I also apologize for the language in this picture.

a) Solve square x

Note the following:
√(3 ± √(5)) = (1/√(2))√(6 ± 2√(5)) = (1/√(2))√(5 ± 2√(5) + 1) = (1/√(2))√((√(5) ± 1)^2) = (√(5) ± 1)/√(2)

is there any way to illustrate this equation? I am pretty confused by looking at it.

$$√(3 ± √(5)) = (1/√(2))√(6 ± 2√(5)) = (1/√(2))√(5 ± 2√(5) + 1) = (1/√(2))√((√(5) ± 1)^2) = (√(5) ± 1)/√(2)$$

mircea-

Basically, what I'm doing is noticing that the expression inside the square root can become a square, since:
6 ± 2√(5) = 5 ± 2√(5) + 1 = (√(5))^2 ± 2*√(5)*1 + 1^2 = (√(5) ± 1)^2

I see, but how does this help me solve for x squared?

Well, if √(3 + √(5)) = (√(5) + 1)/√(2) and √(3 - √(5)) = (√(5) - 1)/√(2), then you can immediately get a simple value for x.

After all, there are no nested square roots now.

Oh, okay, thank you

by the way

@latent snow has given 1 rep to @manic stratus

one question

after solving

x = ±√2

I can use two versions for (b)

The logical one is -√2 because it simplifies

But because there are 2 solutions

I actually should solve for both, shouldn't I?

@manic stratus

No.

Look carefully at the definition of x.

Which number is greater, √(3 - √(5)) or √(3 + √(5))?
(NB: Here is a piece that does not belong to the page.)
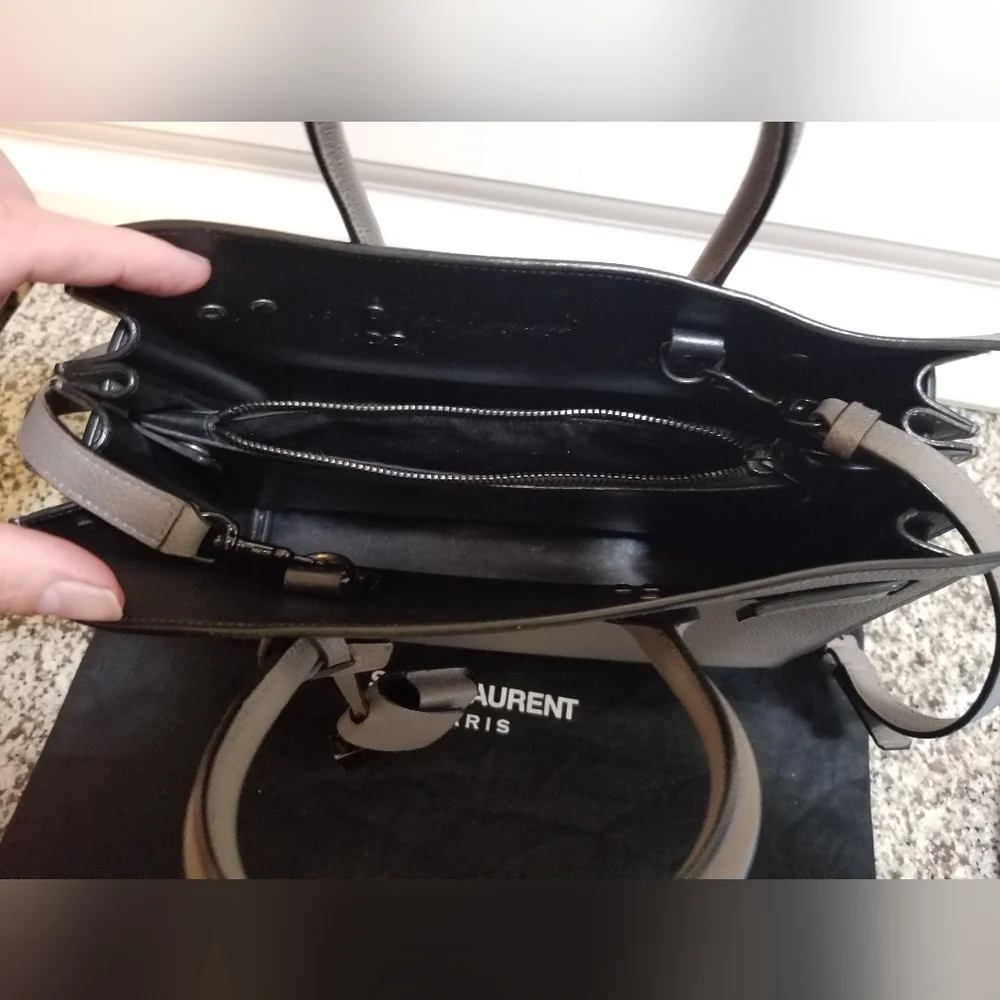 HOSTPICK!!! Saint Laurent Nano Sac De Jour - Picture 9 of 17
Ohhh, rightt, thank you so much

@latent snow has given 1 rep to @manic stratus

You're welcome!

Could you help me with one more exercise? Instead of me creating another post

"Decompose the expression into the product of three factors"

Oh, interesting! Well, let's try...
First thing is the glaring sum of squares. Let's apply that, and also factor the first two terms.
a^2 b + ab^2 + (2ab + a^2 + b^2) + a + b = ab(a + b) + (a + b)^2 + (a + b)
Now we can factor out (a + b).
ab(a + b) + (a + b)^2 + (a + b) = (a + b)(ab + a + b + 1)
Then we notice that (ab + a) + (b + 1) = a(b + 1) + (b + 1) = (a + 1)(b + 1). So:
(a + b)(ab + a + b + 1) = (a + 1)(b + 1)(a + b)
So, E = (a + 1)(b + 1)(a + b).

Thank you!!!

@latent snow has given 1 rep to @manic stratus

Took me a few minutes as you can see..

Glad you got it! How did you do it?

Just like you but I had to get some ideas from you, I need to solve more exercises like these because it was obvious that there was a square formula, I guess I'm just for now pretty bad at spotting things like that but I'm sure I'll get better in time

Sorry for the late reply also

My math teacher gave me a book where there are problems from my country from 1957-2001

I tried solving one

Turned my ego back at 0

olympiad*

Well, that's why they are more difficult 😄
Well, practice should help. Though, I am not well versed in olympiad problems, so not sure what to read for that.

I also use quora sometimes for more answers when I don't quite understand from somewhere else the explanation, want me to show you the problem I was talking about by the way?

Sure!

If these numbers are distinct and form a arithmetic progression, demonstrate that b = d.

I think you forgot the picture or part of the statement.

Yeah yeah

Ah, ok.

I took it on my phone

Hm, looks interesting! Let's see.
First, as this must be an arithmetic progression, we must have a constant difference of terms. So:
(a + c)/(b + d) - a/b = c/d - (a + c)/(b + d)
a/b + c/d = 2(a + c)/(b + d)
Let's multiply everything by (b + d).
ad + bc = 2(a + c)
But then I don't know what else to do.